DATA SHOWN:
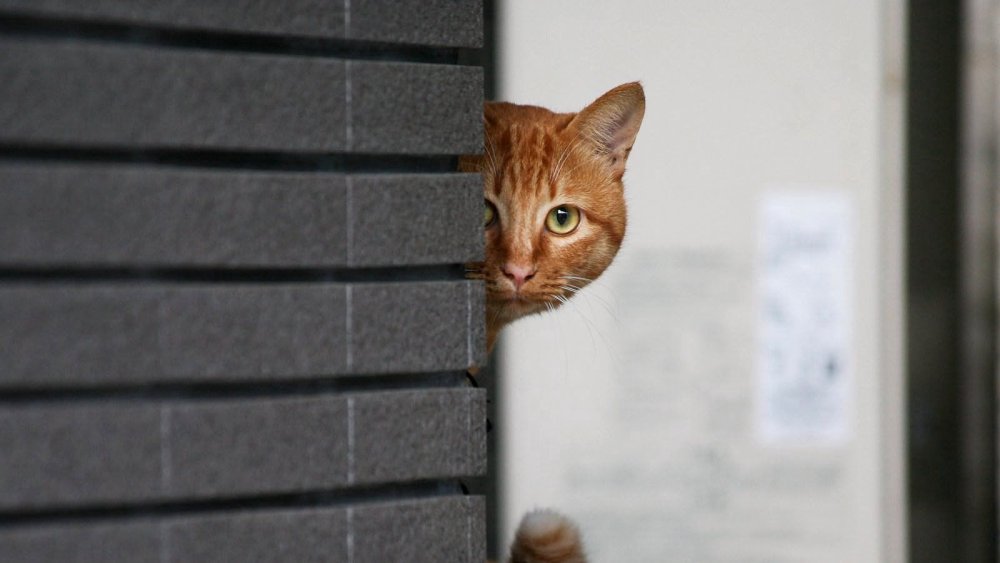Кошка выглядывает из за двери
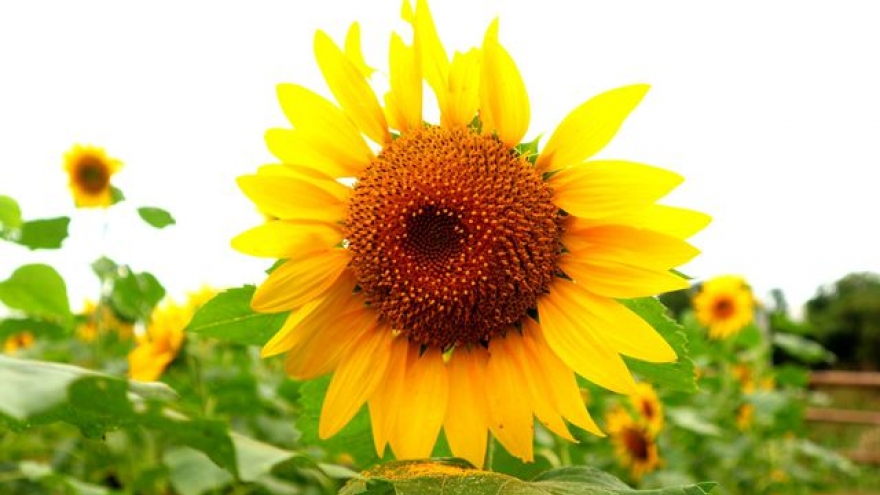 Young people flock to Hoi An to enjoy wild sunflowers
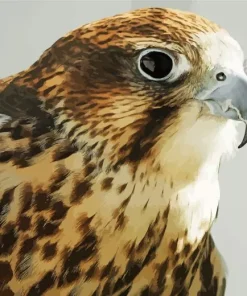 Falcon Close Up Diamond Painting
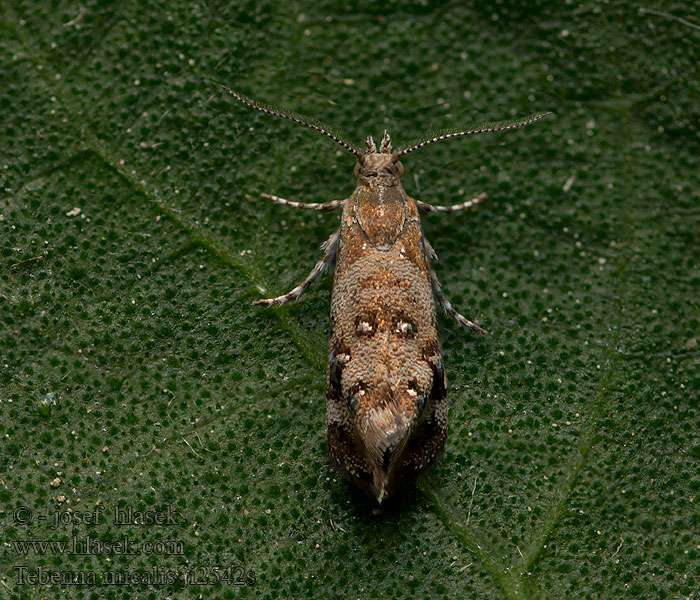 Listomôľka prímorská Tebenna micalis Choreutis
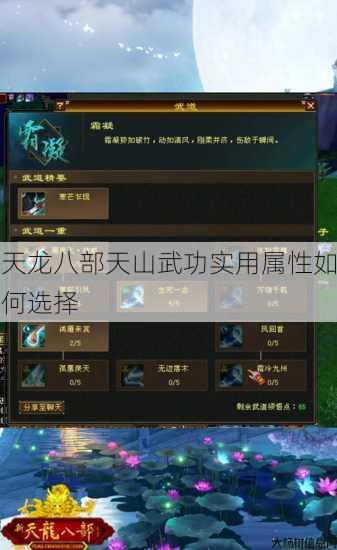 天龙八部天山武功实用属性如何选择 第1张 天龙八部天山武功实用属性如何选择 第1张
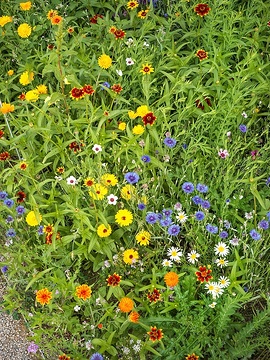 Bachelor's Button, Calendula officinalis, Chamomila, Eschscholzia californica, flax (Genus), Flower meadow, Zinnia elegans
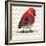 Chevron Baby Red Bird I-Patricia Pinto-Framed Premium Giclee Print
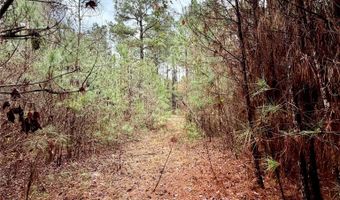 Hicks Road lot 5A, Benton, LA 71006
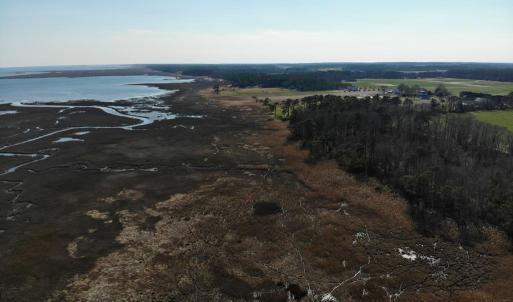 Photo #25 of 6049 POPLAR GROVE LN, CAPE CHARLES, VA 321.6 acres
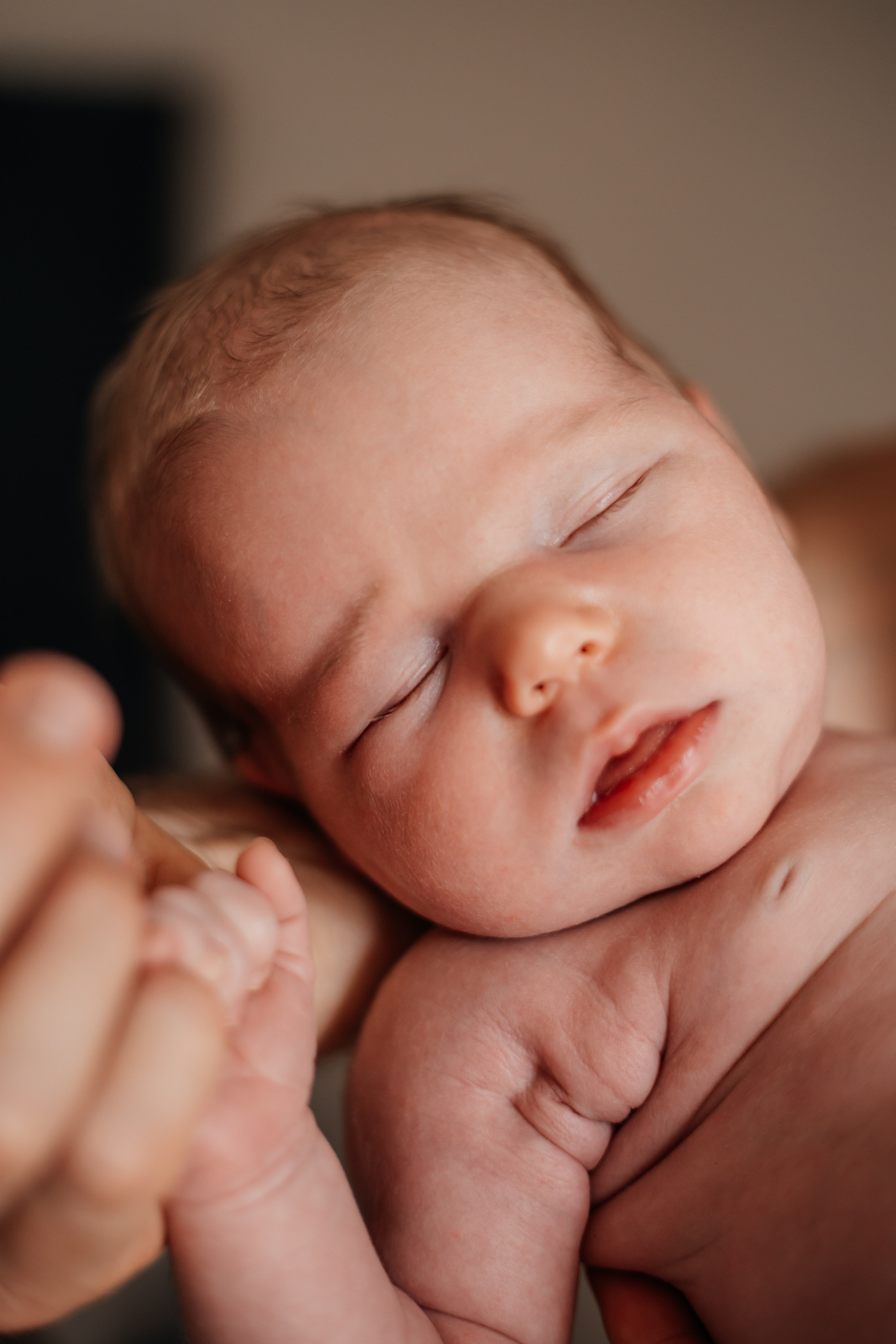 Анечка. Семейный фотограф Виктория Потехина Москва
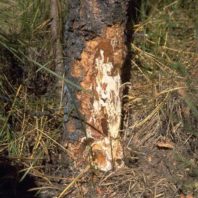 Some of the bark has been shaved away to show white Armillaria mycelial fans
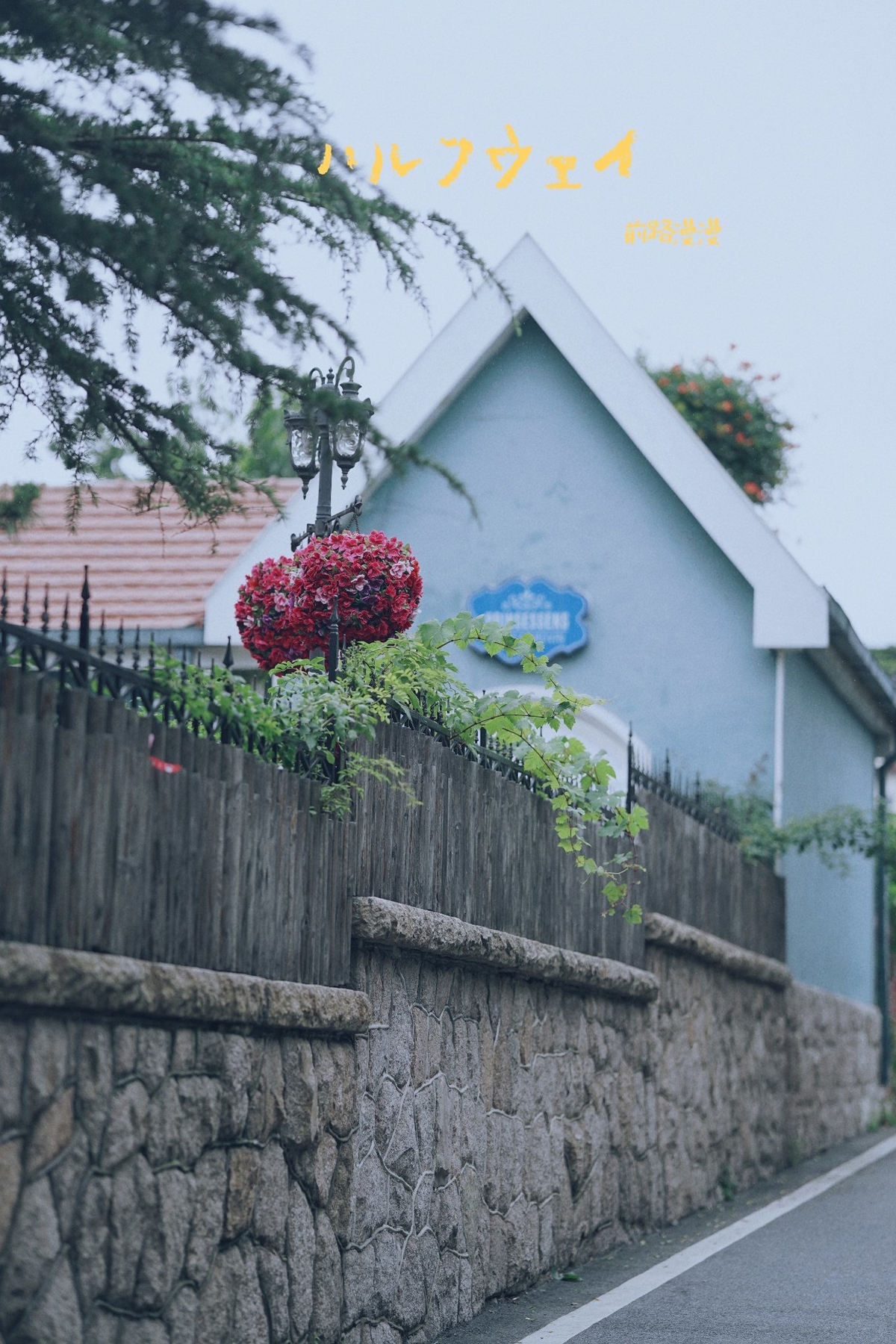 Qingdao coastal scenery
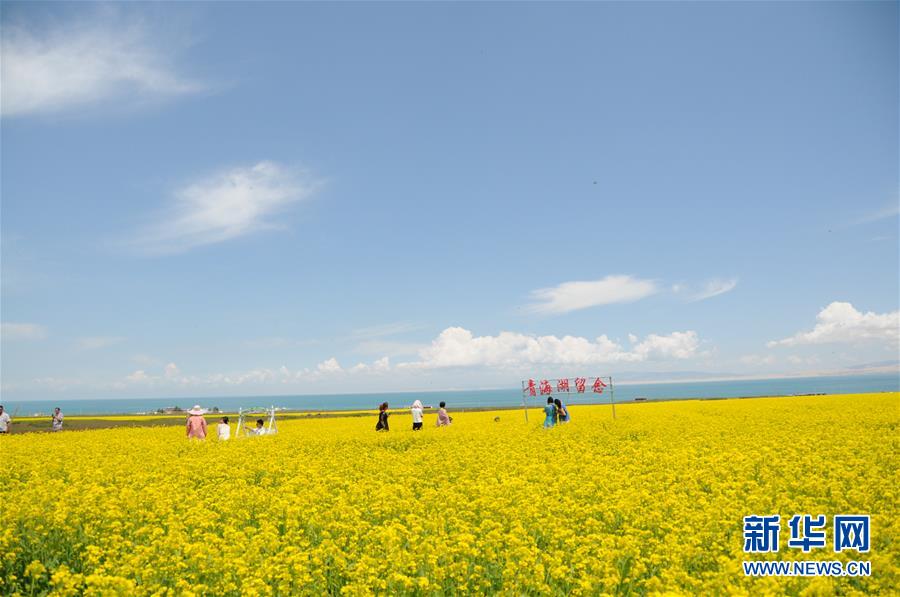 (新華全媒頭條·圖文互動(dòng))(8)大湖見(jiàn)證 ——持續(xù)保護(hù)讓青海湖生態(tài)華麗“蝶變”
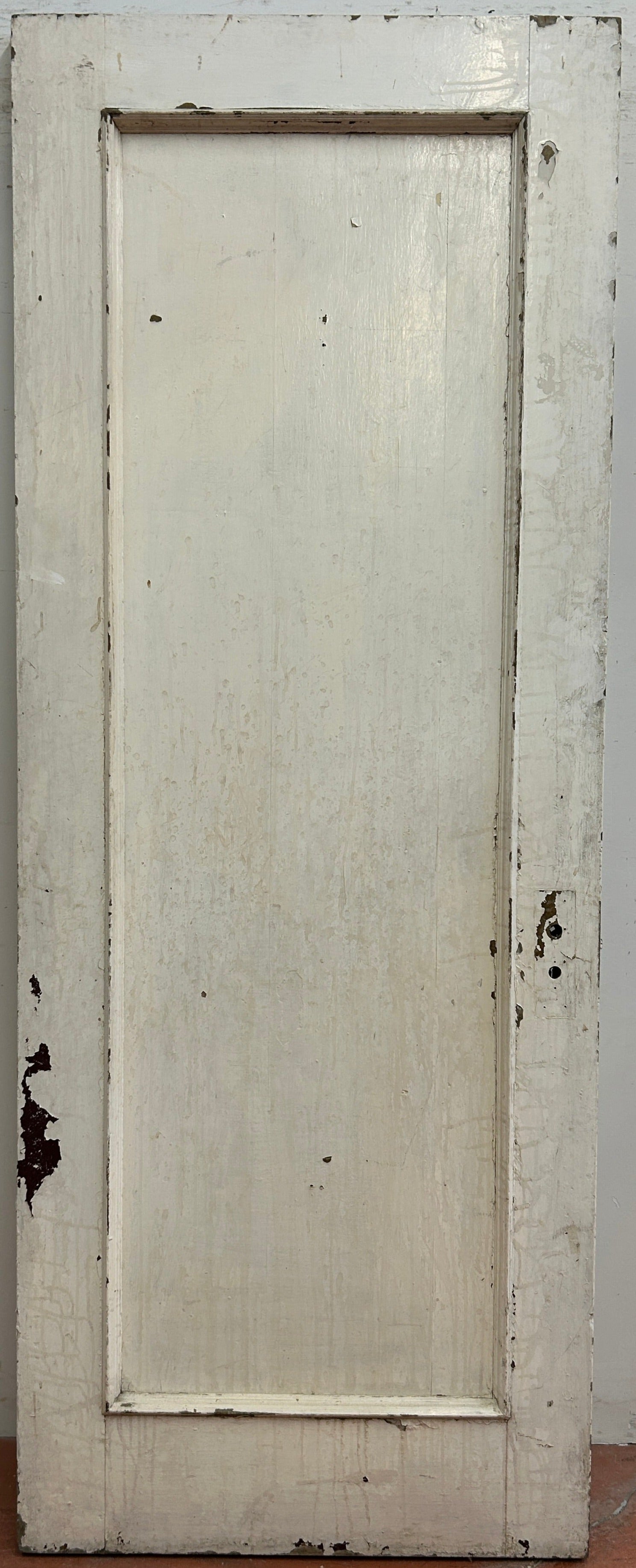 Single Flat Panel Entry Door (ED-187.B)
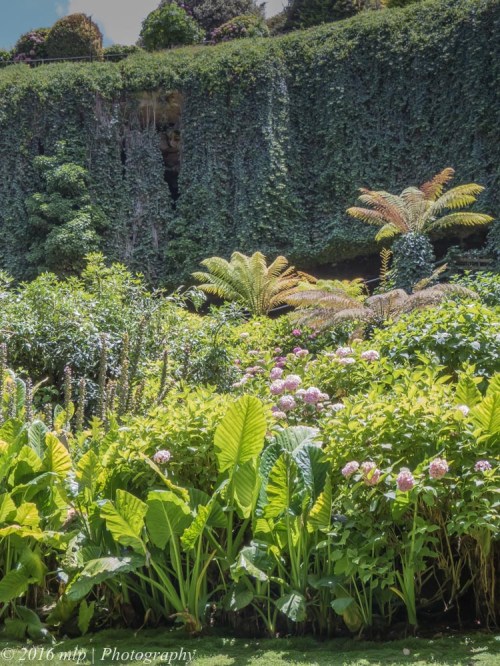 Umpherston Sinkhole Gardens, Mount Gambier, South Australia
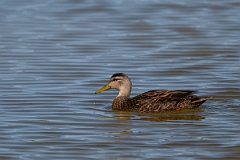DPPhotography - Texas - Mottled duck - O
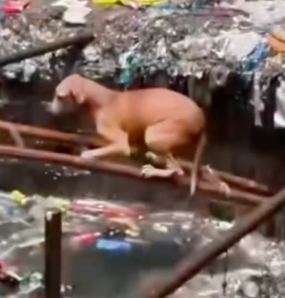 Part2.Animals Rescue #dogrescue #rescuedog #dogsofttiktok #foryoupage #foryou #dogs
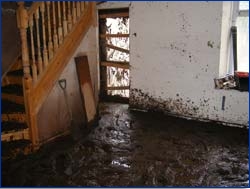 Flood Restoration Page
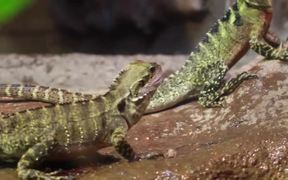 Lizards Feeding on Crickets - Animals - VIDEOTIME.COM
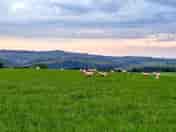 Sheep helping to keep the grass down in the spring before the campsite opens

TASK: Take the line containing "(新華全媒頭條·圖文互動(d" through the last line of the material and retype exactly those lines, both ends included, with no pictures.

THE ANSWER:
 (新華全媒頭條·圖文互動(dòng))(8)大湖見(jiàn)證 ——持續(xù)保護(hù)讓青海湖生態(tài)華麗“蝶變”
 Single Flat Panel Entry Door (ED-187.B)
 Umpherston Sinkhole Gardens, Mount Gambier, South Australia
DPPhotography - Texas - Mottled duck - O
 Part2.Animals Rescue #dogrescue #rescuedog #dogsofttiktok #foryoupage #foryou #dogs
 Flood Restoration Page
 Lizards Feeding on Crickets - Animals - VIDEOTIME.COM
 Sheep helping to keep the grass down in the spring before the campsite opens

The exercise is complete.